Chaque spiritueux est le fruit d’un travail collectif, le whisky et le bourbon ne font pas exception à la règle. De l’agriculteur qui cultive l’orge ou d’autres céréales, aux personnes responsables du maltage ou de la fermentation, en passant par la personne qui conçoit l’étiquette qui parlera au consommateur, tous ont un rôle à jouer. Cependant, il y a une personne (enfin deux), qui sont l’âme du précieux liquide. Je parle du Master Blender et du Master Distiller, des postes clés dans l’élaboration de cette grande famille de spiritueux.
Les différences entre le Master Blender et le Master Distiller
Nous parlons de deux postes clés, de deux types de maîtres différents (l’assembleur et le distillateur), parce que leurs fonctions sont différentes mais, surtout, parce que leurs traditions sont différentes. L’une des caractéritiques principales des whiskies influencés par le Scotch, (les whiskies écossais, japonais et canadiens), est le processus d’assemblage du liquide provenant de différents fûts. L’art de l’assemblage donne naissance à la grande majorité des whiskies en provenance de ces pays, les whiskies embouteillés en single cask étant beaucoup plus rares.
Pour créer son assemblage, un Master Blender peut avoir des centaines de fûts à sa disposition, et il est assez fréquent qu’ils proviennent de différentes distilleries. Les compétences analytiques et olfactives de ces professionnels sont tout simplement stupéfiantes. D’une part, leur rôle est d’assurer la cohérence de chaque référence de whisky qu’ils supervisent, mais les Master Blenders doivent également adapter progressivement l’offre de leur distillerie, en créant de nouveaux produits, pour répondre aux tendances actuelles.
On pourrait les comparer à des peintres, dont la palette de peinture seraient les fûts avec lesquels ils créent leur oeuvre.

Les choses sont un peu différentes aux États-Unis. Dans le monde du whisky et du bourbon, il n’y a pas de tradition d’assemblage (bien qu’il puisse y avoir des cas exceptionnels). La personne responsable de la distillation ne peut donc pas être appelée « blender ». Là-bas, ce sont des Master Distillers (maîtres-distillateurs).
À première vue, on pourrait penser qu’ils travaillent avec un panel d’outils plus limité, mais ce n’est pas le cas. Le nombre de choses qui sont manipulées tout au long du processus de production est énorme et si nous nous concentrons uniquement sur la distillation, les variables sont infinies : du choix du type d’alambic, au nombre de distillations en passsant par l’eau utilisée et la température…

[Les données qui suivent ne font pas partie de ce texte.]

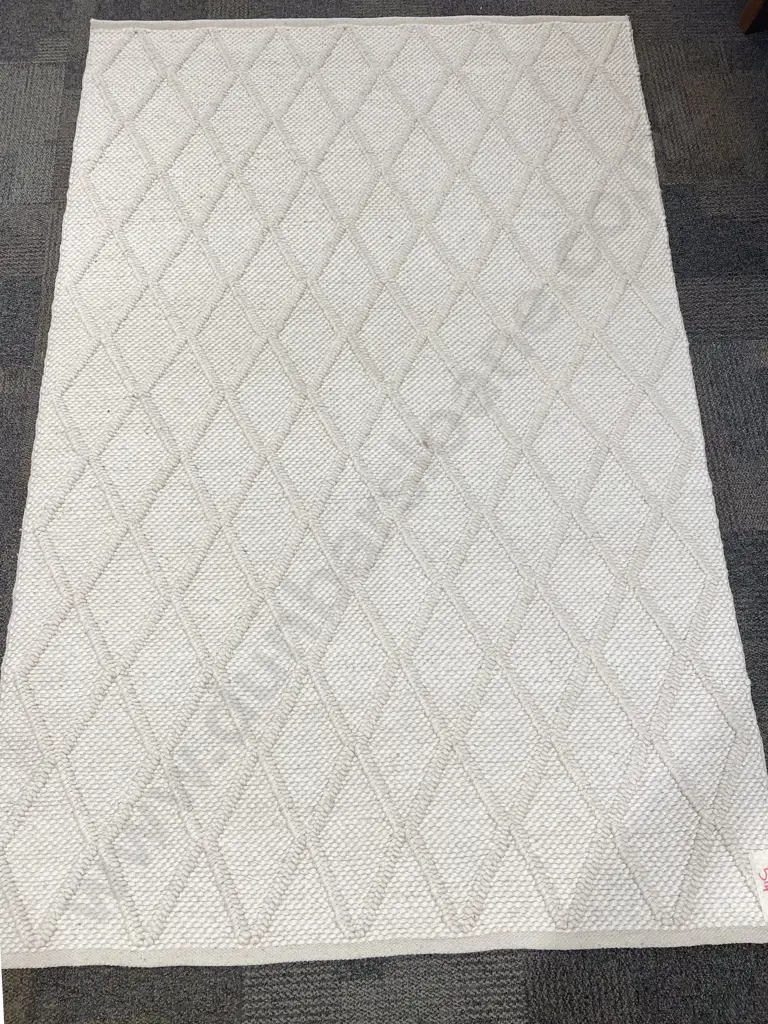 Modern Hand-Knotted Woollen Floor Rug Image 1++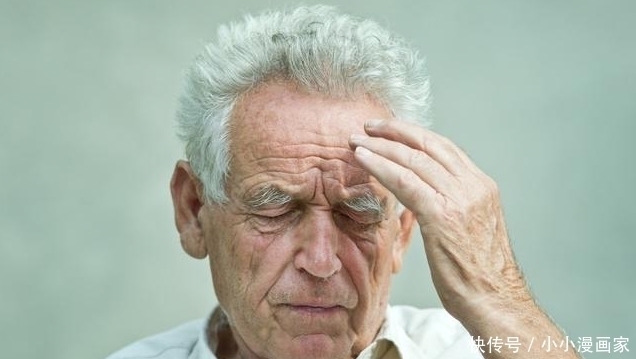 水分|一天8杯水还便秘，肠道很干燥，水里加2物留住肠道水分不便秘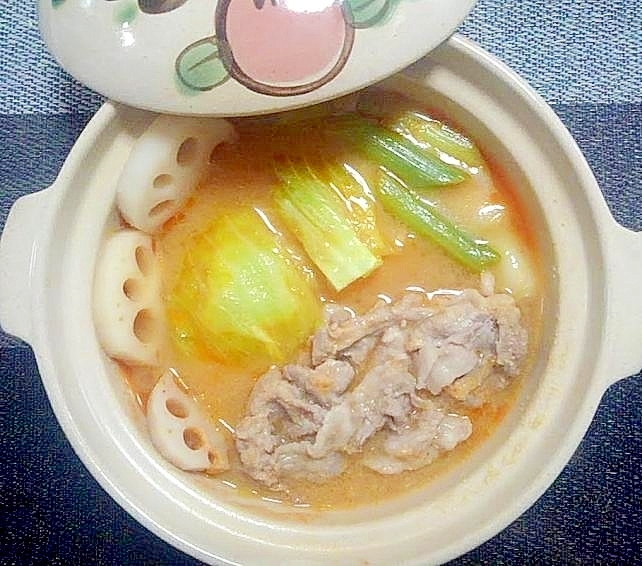 とり野菜みその豚肉とキャベツと長ねぎれんこん鍋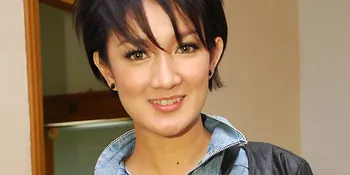 Komentar Tentang Ariel, Melly SHE Dicaci di Twitter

Les Master Distillers disposent donc d’une palette tout aussi large de nuances pour élaborer leurs spiritueux.
Quelques maîtres et leurs oeuvres
Barry MacAffer est l’actuel directeur de la distillerie de Laphroaig, l’un des whiskies les plus emblématiques d’Islay, riche en notes fumées et iodées. Barry, qui est également maître-distillateur, est l’héritier de l’une des stars de cette discipline en Écosse : John Campbell. Il est en charge de maintenir le profil de Laphroaig Quarter Cask, l’une des références les plus célèbres de la distillerie. Attendez-vous à trouver les notes de tourbe et d’iode évoquées plus haut, mais aussi des notes de vanille apportées par le chêne américain.
Shinji Fukuyo est l’une des personnes à qui l’on doit la récente mise en avant du whisky japonais, parfois placés au-dessus du scotch. C’est sous sa tutelle que les whiskies Suntory sont assemblés. Le Toki Suntory, par exemple, est un élixir doux et mielleux qui rappelle les Lowlands et ses whiskies les plus sophistiqués.
Dan McKee est l’un des maîtres-distillateurs les plus célèbres d’Amérique et c’est sous sa direction que sont élaborés les élixirs de Michter. Son Michter’s Sour Mash possède des notes de caramel et de raisins secs ainsi qu’une texture soyeuse et enveloppante.